Congress’ first-ever “Medicare for All” hearing this week highlighted that for all the legislation’s incredibly high political hurdles, actually implementing a single-payer law would be even harder.
A panel of health care experts testified April 30 before the House Rules Committee and answered questions on the legislation (HR 1384), which is similar to a bill championed by Sen. Bernie Sanders, I-VT (S 1129). Both measures would transition the US healthcare system to a single-payer plan, largely ending employer-provided coverage and restructuring virtually every sector of the health care industry.
Despite deep divisions within the party (not to mention fierce opposition from Republicans and much of the industry), committee Democrats presented a largely unified front in making the case for a single-payer system. And while the hearing was unusually substantive and dug into key aspects of the legislation, it also underscored the difficulty of assessing the potential impact without key details.
One of the biggest unanswered questions is how much a single-payer system would cost. The current bills don’t include financing plans, although Sanders has released a list of possible ways to pay for his that include substantial tax hikes for individuals and businesses as well as a 7.5 percent income-based premium tax on employers. Republicans on the panel raised alarm about unofficial estimates of Medicare-for-All costs that range from $32 trillion to nearly $40 trillion over ten years. Progressive Democrats countered that that price tag could be less than what the US is projected to spend on health care under the current system.

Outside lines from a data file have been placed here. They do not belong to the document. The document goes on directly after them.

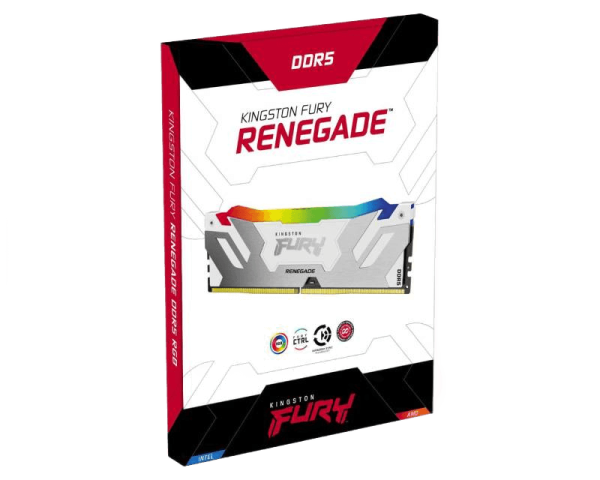 DIMM DDR5 16GB 7200mt / s KF572C38RWA-16 FURY RENEGADE RGB White XMP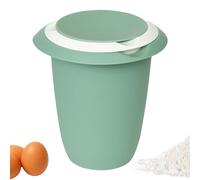 Westmark Recipiente para batir con tapa de dos partes, 1 l, Con pico, Plástico, Blanco/verde menta, 3151227M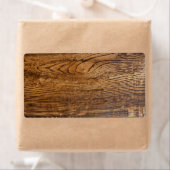 Étiquette Ancien look de grain de bois (En situation)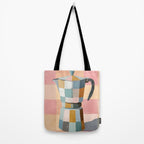 Patchwork Moka Pot Tote Bag Gallery Image 2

The ultimate price tag depends in large part on the thorny issue of how to pay doctors and other providers under a single-payer system. Currently, providers earn significantly higher revenue from reimbursements from private insurers, while Medicare and Medicaid reimburse them at lower rates. Republicans and some witnesses raised concerns that lower payments could close many, especially rural, hospitals.
Advocates have proposed different types of plans, such as paying all providers based on current Medicare rates or global budgeting, through which institutions would regularly receive a lump sum of money as reimbursement for treatments. The only agreement on this point was that selecting the “wrong” payment scheme could have serious ramifications.
On May 1 the non-partisan Congressional Budget Office (CBO) released a paper titled “Key Design Components and Considerations for Establishing a Single-Payer Health Care System” which laid out the components that would have to be considered in moving to a single-payer approach. Democrats requesting the analysis expressly asked CBO not to score the cost of Medicare-for-All legislation, though Republicans will probably continue to push CBO for a score. The new CBO analysis offers commentary on the implications of major options and trade-offs lawmakers designing a single-payer system would need to consider.
With enactment of Medicare-for-All virtually impossible with Republicans in control of the Senate and White House, many of the details and larger policy debates are still to come. But the CBO report and future hearings – the House Ways and Means Committee is planning one – may provide a look at what it would take to shift the nation to a single-payer system.